Justicia, solidaridad, amor
El Estado ya no es solo justo; es también solidario y amoroso. El primer precepto del Decálogo habría que reformularlo así: Amarás al Estado (al Gobierno) sobre todas las cosas
En algunos casos, desde luego no en todos ni quizá en la mayoría, el origen de las discusiones políticas, jurídicas y morales está en un entendimiento confuso o no compartido de algunos conceptos básicos. Un ejemplo podemos encontrarlo en la confusión entre la justicia, la solidaridad y el amor (o la misericordia, por emplear un término tan noble como olvidado). Y también, por cierto, en la confusión entre política, derecho y moral.
Aquí se trata solo de un esbozo de clarificación, por si sirve de algo. Otra cosa requeriría una extensión mucho mayor. La justicia es una virtud moral que se refiere a la organización de la sociedad y al bien común, y consiste en dar a cada uno lo suyo. Intentar realizarla es competencia de los individuos, los grupos y el Estado. Pero la justicia es solo una parte de la moralidad, vinculada al derecho. No todo lo inmoral debe ser castigado por el Estado. Su fin es la justicia (y esto resulta cada vez más insólito), pero no ir más allá de ella.
La solidaridad, aunque ha ido extendiendo su ámbito hasta incluir aspectos que la rebasan, consiste en hacer propios un problema, sufrimiento, reivindicación o desgracia ajenos. Se aproxima bastante a la compasión. Por ejemplo, las víctimas de una catástrofe, natural o gubernamental, tienen derecho a lo que sea justo, a lo que les corresponde. Y además merecen la solidaridad de los ciudadanos. Pero son cosas distintas. Y solo la primera es competencia del Estado, no la segunda. Reparar los daños en la medida de lo posible es asunto de la justicia. Los ciudadanos que van a ayudar a las víctimas son solidarios. Pero hablar de solidaridad estatal es algo erróneo y pernicioso. «Solidaridad estatal» es una expresión tan extraña como «amor contencioso-administrativo». Las disposiciones de los poderes públicos pueden ser más o menos justas, nunca solidarias.
El amor no es ni justo ni solidario. No da al otro lo que le corresponde, ni es solidario con él. El que ama se sacrifica hasta entregar su vida. No es un acto justo ni solidario. El filósofo Max Scheler consideró que el análisis que había hecho Nietzsche del resentimiento moral era irreprochable, pero atribuirlo a la moral cristiana era un grave error. Mientras en el mundo pagano el amor era un sentimiento del inferior hacia el superior, hacia todo lo bello, fuerte y noble, el amor cristiano sigue la dirección opuesta y se dirige del superior al inferior. Así, ama lo enfermo, lo pobre, lo miserable, lo débil. Esto nada tiene que ver con el resentimiento. Y, por cierto, él presupone jerarquía y desigualdad.
Volviendo a la justicia, si consiste en dar a cada uno lo suyo, no puede consistir en un mero igualitarismo.

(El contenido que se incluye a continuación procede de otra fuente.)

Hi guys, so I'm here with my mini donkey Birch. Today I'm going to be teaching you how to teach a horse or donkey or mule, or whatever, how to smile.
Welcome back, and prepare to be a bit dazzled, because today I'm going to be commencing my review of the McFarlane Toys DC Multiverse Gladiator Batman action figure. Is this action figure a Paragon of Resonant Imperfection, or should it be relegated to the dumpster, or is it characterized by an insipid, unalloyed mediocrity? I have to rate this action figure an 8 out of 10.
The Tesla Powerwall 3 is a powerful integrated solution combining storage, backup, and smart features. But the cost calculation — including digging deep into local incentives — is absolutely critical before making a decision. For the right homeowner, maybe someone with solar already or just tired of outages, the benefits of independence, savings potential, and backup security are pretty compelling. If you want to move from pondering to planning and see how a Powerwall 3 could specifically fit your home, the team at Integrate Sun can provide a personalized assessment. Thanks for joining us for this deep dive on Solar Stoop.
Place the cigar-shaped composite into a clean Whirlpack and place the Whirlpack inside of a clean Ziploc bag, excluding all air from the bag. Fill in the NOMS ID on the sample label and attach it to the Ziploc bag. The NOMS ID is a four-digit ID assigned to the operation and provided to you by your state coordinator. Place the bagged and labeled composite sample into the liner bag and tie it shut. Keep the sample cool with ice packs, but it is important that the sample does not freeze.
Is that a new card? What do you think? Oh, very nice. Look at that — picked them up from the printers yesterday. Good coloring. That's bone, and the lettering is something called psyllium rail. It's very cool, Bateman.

Porque lo de uno puede no ser igual a lo de otro. La justicia conduce necesariamente a una cierta desigualdad. Don Quijote decía que nadie es más que otro mientras no hace más que otro. No hay justicia sin jerarquía y excelencia.
Todo esto no resuelve quizá los problemas, pero los aclara, lo que no es poco. Un caso ejemplar lo constituye la inmigración ilegal, en el que se mezcla lo que puede haber de justicia, de solidaridad y de amor. En ocasiones, los problemas se resuelven haciendo distinciones. ¿Tienen los mismos derechos los nacionales que los inmigrantes legales y que los ilegales? La pregunta sugiere que estamos hablando de justicia, no de solidaridad o amor. Si se contesta afirmativamente, entonces se considera que no hay distinción entre lo legal y lo ilegal, y se da el mismo tratamiento a lo que jurídicamente es diferente. ¿Y qué pasa entonces con quienes no logran entrar? ¿Cuáles son sus derechos? Uno puede tener derecho a la vivienda, pero quizá no a irrumpir violentamente en la vivienda ajena.

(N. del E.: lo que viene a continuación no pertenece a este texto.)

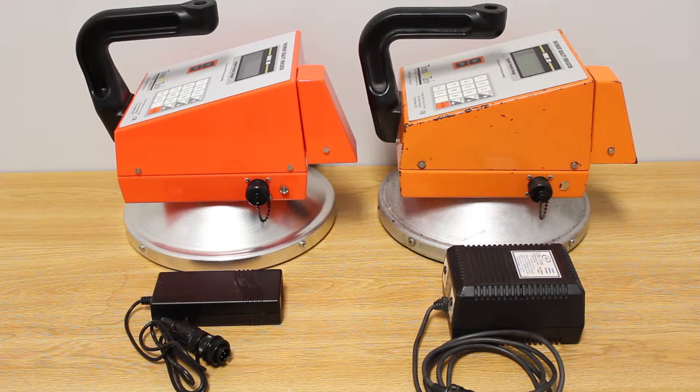We frequently receive calls from customers complaining that their charger is not charging their PQI 301. Nine times out of ten, it's because you're using the incorrect charger.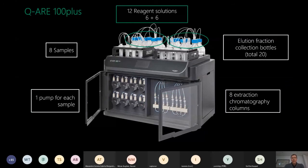The system has 12 reagent solution bottles - six plus six. The reason for this split is that the left six bottles are connected to columns and samples one through four, and the other six bottles are connected to samples and columns five through eight. In this way you can run two different protocols at the same time, or you can run so-called tandem chromatography. I will tell you more about how tandem chromatography works shortly.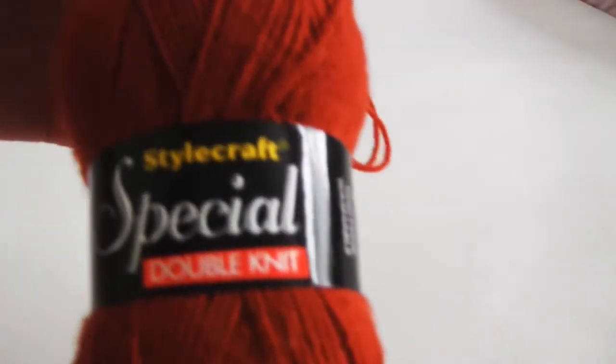Hello and welcome to the first video in my knitting series. Since it's the first video, I thought I would talk about yarn and needles.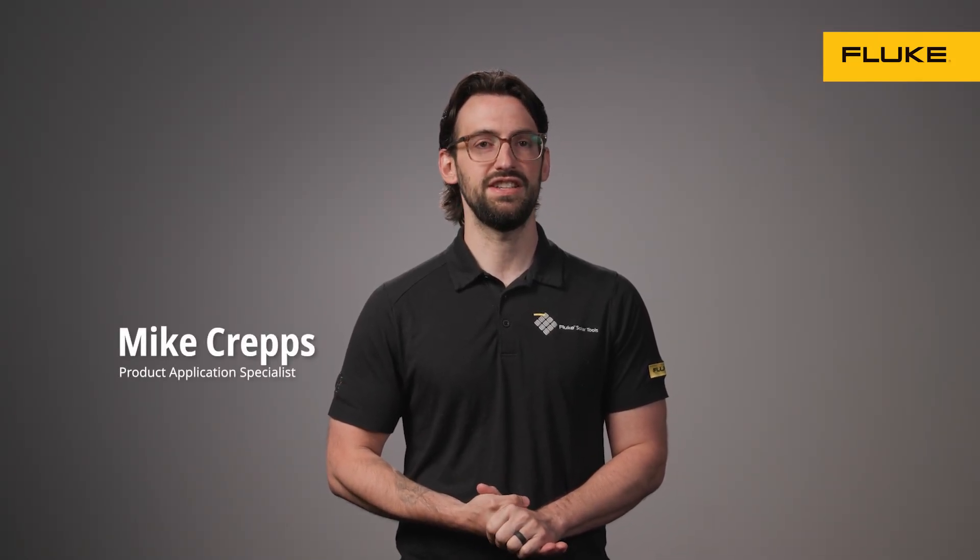Hi, I'm Mike, Fluke Product Application Specialist at Fluke. We're going to look at DC current — what it is, where it shows up, and how to measure it.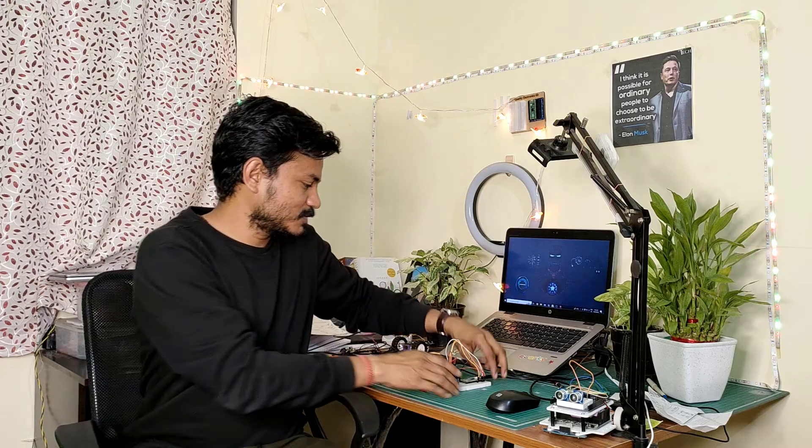Hi everyone, welcome to your channel In Plus Tech. I am Yogesh. Today I come up with a new project which is a smart plant watering system. In this project I am using a soil moisture sensor and a relay. I have here a soil moisture sensor, a relay board, and the Raspberry Pi Pico board.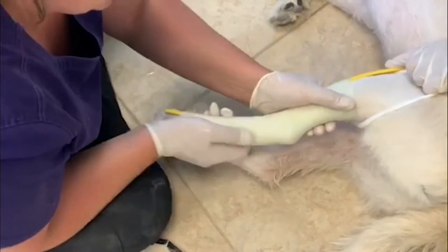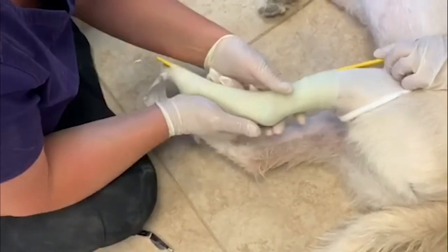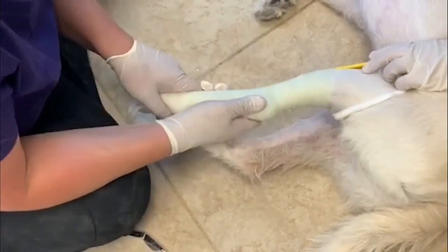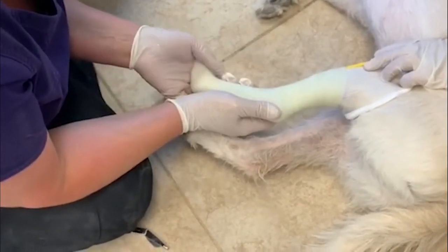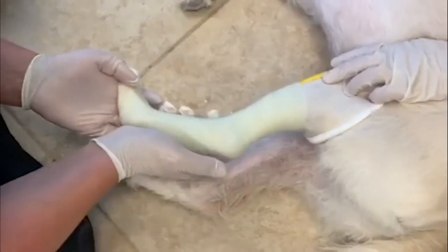You want to mimic a standing position, so a little bend in the hock. You don't want to super hyperextend the hock. Put a natural bend, and you want to flex that paw to mimic that natural standing position.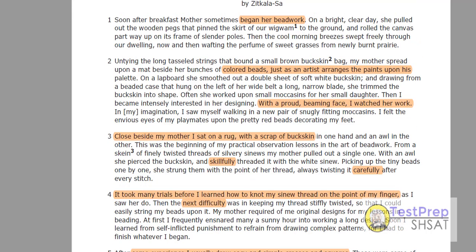Okay, we're looking in paragraph two. She unties the long tassel strings. My mother spreads upon a mat beside her bunches of colored beads — that's the first step. She spreads upon a mat the beads, just as an artist arranges the paint on a palette. So that's her first step.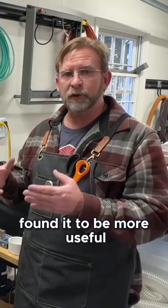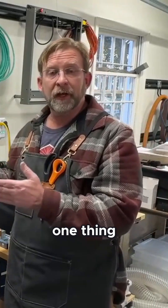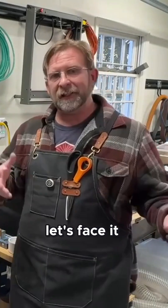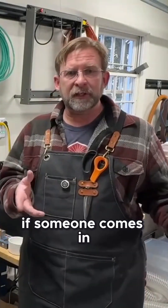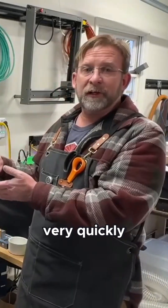I've actually found it to be more useful to have a machine that's solely dedicated to doing one thing and one thing really well. If someone comes in with 10 knives to be engraved, I can do them very quickly on this machine.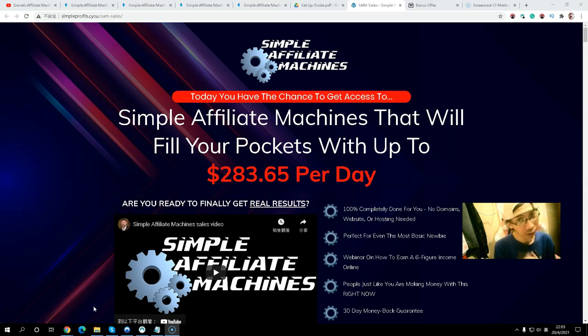Before I go to my bonus page, let's take a look at the sales page. It says: today you have the chance to get access to Simple Affiliate Machine that will put up to $283.65 per day in your pocket. It's completely done for you — you don't need a domain, website, or hosting. It's perfect for even the most beginner. There's also a webinar inside the members area on how you can make six figures, and it comes with a 30-day money-back guarantee.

El Estado crece en sus pretensiones totalitarias. Aparte de todas las competencias que ha ido asumiendo en los últimos siglos, ya decide sobre la vida y la muerte (aborto y eutanasia), sobre el ámbito privado y también se atribuye la virtud de la solidaridad. Solo falta que proclame su amor a los ciudadanos, determine lo que estos deben amar y lo que deben odiar. El Estado ya no es solo justo; es también solidario y amoroso. El primer precepto del Decálogo habría que reformularlo así: Amarás al Estado (al Gobierno) sobre todas las cosas.